La maggior parte delle epidemie si sono sviluppate dalla Cina, anche la peste nera più di 650 anni fa, a causa della promiscuità tra l’essere umano e gli animali in particolare tra uccelli, maiali e uomo in quella parte del mondo.
Facendo un analisi delle epidemie, partendo della Spagnola, constatiamo che uno dei principali vettori dei virus è il maiale.
Solo per fare un breve elenco la Spagnola del 1918, l’asiatica del 1957, L’Honk kong del 1968 l’H1N1 del 1976, del 1986 e del 1988 sono di derivazione suina.

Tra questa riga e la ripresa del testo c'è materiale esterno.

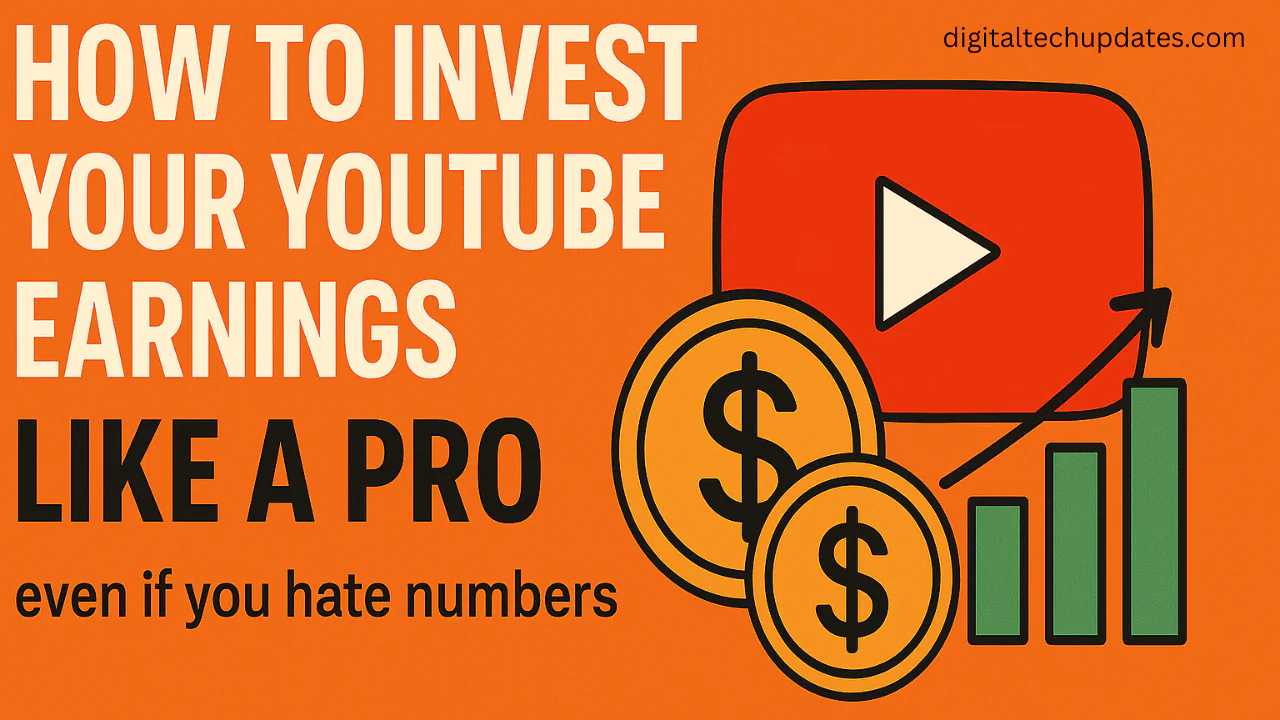 How to invest your YouTube earnings like a pro (even if you hate numbers)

Nel 2003 Jay A. Fishman nell’articolo SARS, Xenotransplantation and Bioterrorism: Preventing the Next Epidemic scriveva, “L’OMS stima che la prossima pandemia influenzale potrebbe causare oltre 2 milioni di ricoveri e 650 000 decessi entro 2 anni nel solo mondo sviluppato. I ruoli dei serbatoi di infezione non umani sono rilevanti… I virus dell’influenza sono agenti patogeni naturali di uccelli, suini e umani. I maiali vengono infettati dall’influenza umana e aviaria oltre ai virus dei suini. Focolai di influenza si verificano quando più virus di diverse specie infettano contemporaneamente i suini, si verifica un riassortimento genetico (miscelazione) ed emerge un nuovo virus con nuove caratteristiche di virulenza e nuovi epitopi di superficie (spostamento genetico). Nuove varietà emergono ogni pochi anni…Queste infezioni derivano sempre più da fonti animali dal momento che abbiamo alterato l’ecologia del mondo in cui viviamo. Le infezioni zoonotiche possono aumentare in virulenza poiché si adattano a nuovi ospiti, in modo accidentale, come gli esseri umani”.
Ancor prima, nel 1998, Webster scriveva che poiché i maiali ed i volatili sono i principali vettori di virus influenzali di vari gradi ed entità e che solo il 10% di chi lavora a contatto con i maiali sviluppa gli anticorpi per la febbre suina bisognasse cambiare i metodi di allevamento
L’influenza di origine zoonotica non è una malattia che si può eradicare perché ha molti serbatoi di animali, le pandemie sono state tutte di origine animale, pertanto, sempre, per tornare alla domanda iniziale, questo è stato comunicato?
I cittadini lo sanno?
Se lo sapessero sarebbero disposti a cambiare, ad esempio, le proprie abitudini alimentari?
Il caso mucca pazza è una dimostrazione di come le abbiano cambiate, il consumo di carne rossa è in caduta libera dall’anno in cui è esploso il caso.
Le persone hanno dimostrato che se conoscono l’esistenza di un rischio o pericolo cambiano le proprie abitudini.
Il deficit model, ossia il modello che da per scontato che il pubblico sia di per sé ignorante ed emotivo, e non possa capire, è un modello fallimentare che non porta nessun beneficio in una situazione come quella che stiamo vivendo.
Questa pandemia deve essere l’occasione per ridiscutere le forme di partecipazione dei cittadini alle scelte collettive, perché cosi alla fine, oltre alla riscoperta della solidarietà, avremmo anche capito che informare i cittadini non vuol dire- se fatto nel modo giusto- confonderli, ma renderli consapevoli.
Quello che non fa lo Stato lo fa, in parte, il giornalismo, proprio ieri sera è andata in onda la puntata dal titolo Il virus è un boomerang, della trasmissione Indovina chi viene a cena condotta dalla giornalista Sabrina Giannini
Queste informazioni non devono essere rivolte ad un pubblico di nicchia, ma veicolate in ogni modo, in qualunque modalità per far comprendere a tutti che tutto è collegato e di questo se ne devono occupare gli Stati a livello globale.